What’s in a README? Why your README matters, and how to create the best one possible

README files are a simple but crucial component of data sharing. Without a README, the benefits of open data — improved understanding, reproducibility, trust, and attention — become moot. That’s because data cannot be interpreted, validated, or reused without certain key details that a README provides.

Data without context

Have you ever downloaded a dataset and wondered ‘what am I looking at here?’ What time period and locality does this data cover? What do the abbreviations stand for? Is there a difference between the .xlsx and the .rmd files, given that they have the exact same file name? And what R package — packages? — am I going to need to install to actually analyze this file?

You’re not alone. That’s why README files are so important. A README file is simply a text document that accompanies your dataset. It functions as a kind of quick start guide to your data, a short compendium of the essential information another researcher might need to understand, reanalyze, or repurpose your dataset.

Without that context, prospective readers could spend hours combing through the related manuscript in an attempt to decode your data files, and using Google to try and determine what your acronyms might possibly refer to. Or, more likely, they’ll move on to another dataset; one that’s presented more clearly.

What’s in a README?

A good README should give researchers both in and outside of your discipline enough context to interpret, validate, or reuse your dataset.

Usually, that means including:

A short summary of the related research investigation
An overview of files and folder structure
A key to file and column labels, variables, data codes, and units of measurement
Details of processing and analysis, such as software
Links to other data sources, if applicable

Of course, don’t hesitate to include anything else a reader might want or need to know in order to effectively work with your data.

Preparing your README

If you work with a large team you may already have some of the required information documented — maybe in an email or a lab notebook.

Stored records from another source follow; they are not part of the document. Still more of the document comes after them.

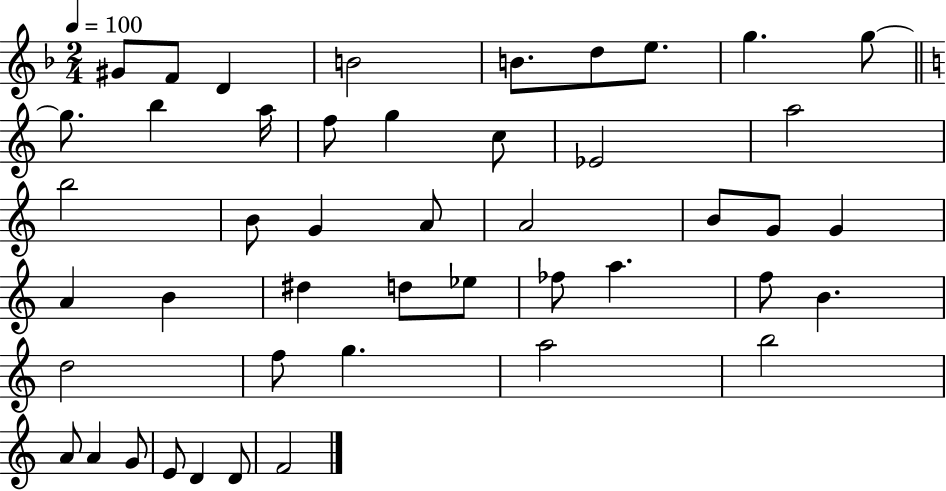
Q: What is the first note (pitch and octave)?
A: G#4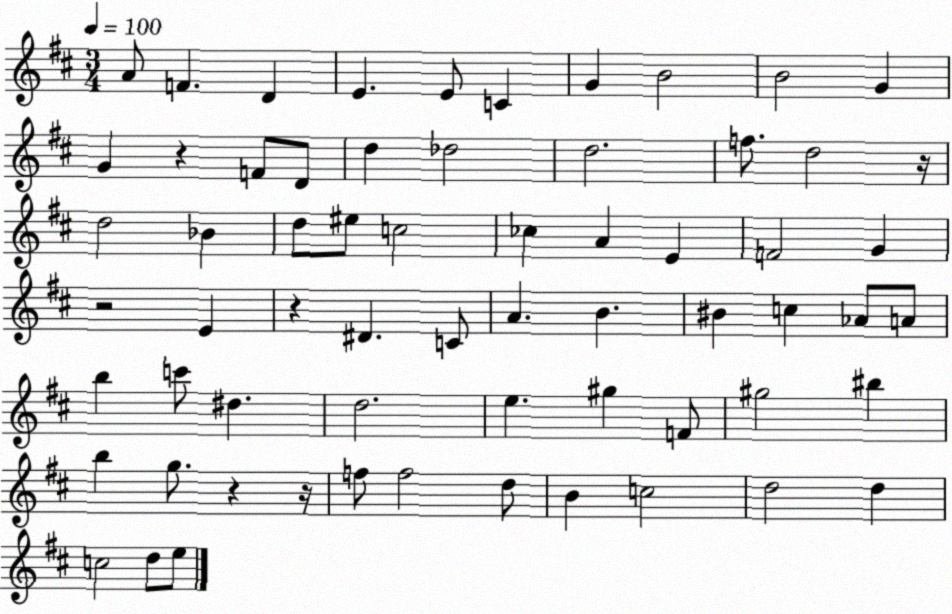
X:1
T:Untitled
M:3/4
L:1/4
K:D
A/2 F D E E/2 C G B2 B2 G G z F/2 D/2 d _d2 d2 f/2 d2 z/4 d2 _B d/2 ^e/2 c2 _c A E F2 G z2 E z ^D C/2 A B ^B c _A/2 A/2 b c'/2 ^d d2 e ^g F/2 ^g2 ^b b g/2 z z/4 f/2 f2 d/2 B c2 d2 d c2 d/2 e/2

If not, don’t worry. Preparing your README is simply a matter of describing the dataset underlying your investigation. Clear your mind, and do your best to approach the project with fresh eyes, providing the necessary information for someone coming to the work with no prior knowledge.

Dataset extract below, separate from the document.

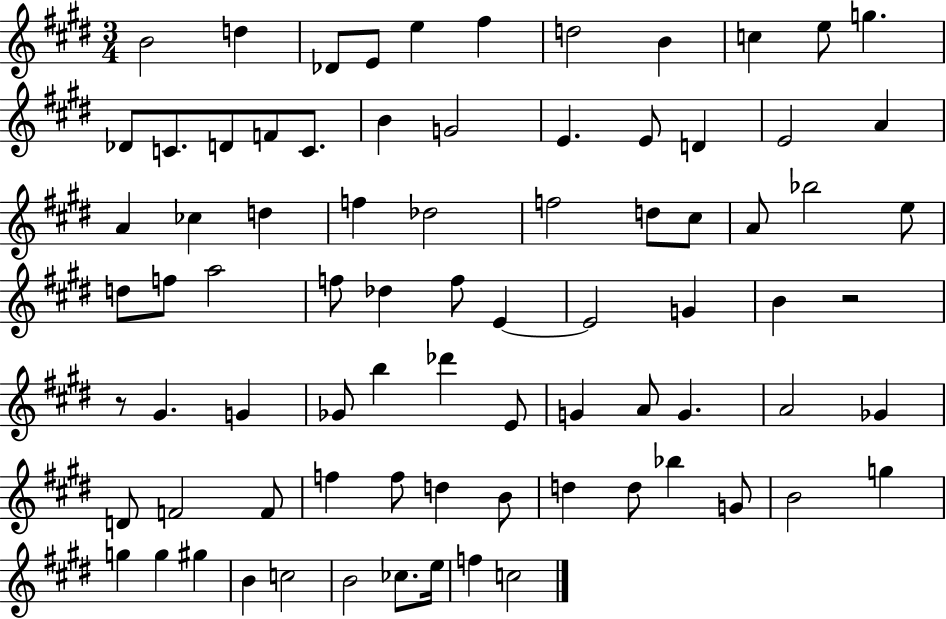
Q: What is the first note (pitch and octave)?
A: B4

Sometimes when you’re deep in an investigation, it can be hard to imagine what elements might be confusing to someone else. If you’re at a loss as to what to include, try imagining yourself returning to the work after a five-year hiatus. What information would you need to get back up to speed? That’s what belongs in your README.

Another good option is asking for a review from the newest member of your lab. Being newer to the work, they may have insight into what aspects are intuitive and which require further explanation. Even if your newest colleague has been around a little while, they may still remember initial questions and points of confusion.

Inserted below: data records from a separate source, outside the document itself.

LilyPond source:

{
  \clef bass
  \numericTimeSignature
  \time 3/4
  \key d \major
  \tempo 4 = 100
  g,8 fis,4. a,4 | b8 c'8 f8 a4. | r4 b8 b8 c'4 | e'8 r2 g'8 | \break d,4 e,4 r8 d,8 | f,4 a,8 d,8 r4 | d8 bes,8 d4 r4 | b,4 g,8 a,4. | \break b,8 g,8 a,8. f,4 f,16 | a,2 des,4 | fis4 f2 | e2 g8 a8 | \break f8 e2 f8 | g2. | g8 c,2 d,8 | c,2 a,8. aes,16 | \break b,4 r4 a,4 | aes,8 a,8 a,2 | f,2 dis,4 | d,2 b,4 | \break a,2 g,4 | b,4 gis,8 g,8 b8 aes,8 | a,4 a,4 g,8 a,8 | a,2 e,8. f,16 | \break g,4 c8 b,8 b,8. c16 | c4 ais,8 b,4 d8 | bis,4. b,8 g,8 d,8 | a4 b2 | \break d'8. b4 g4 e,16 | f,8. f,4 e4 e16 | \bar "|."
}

When in doubt, err on the side of detail. An insufficiently detailed README is the most common reason Dryad curators request revisions. Reader our tips for creating a README that checks all the boxes so you can publish your data without delay.

A well-prepared README is one of the simplest, most effective ways to ensure your data lives up to its full potential, not just for availability, but for understanding and usability too. A thoughtful approach will not only save others time and frustration, but maximize the impact of your study.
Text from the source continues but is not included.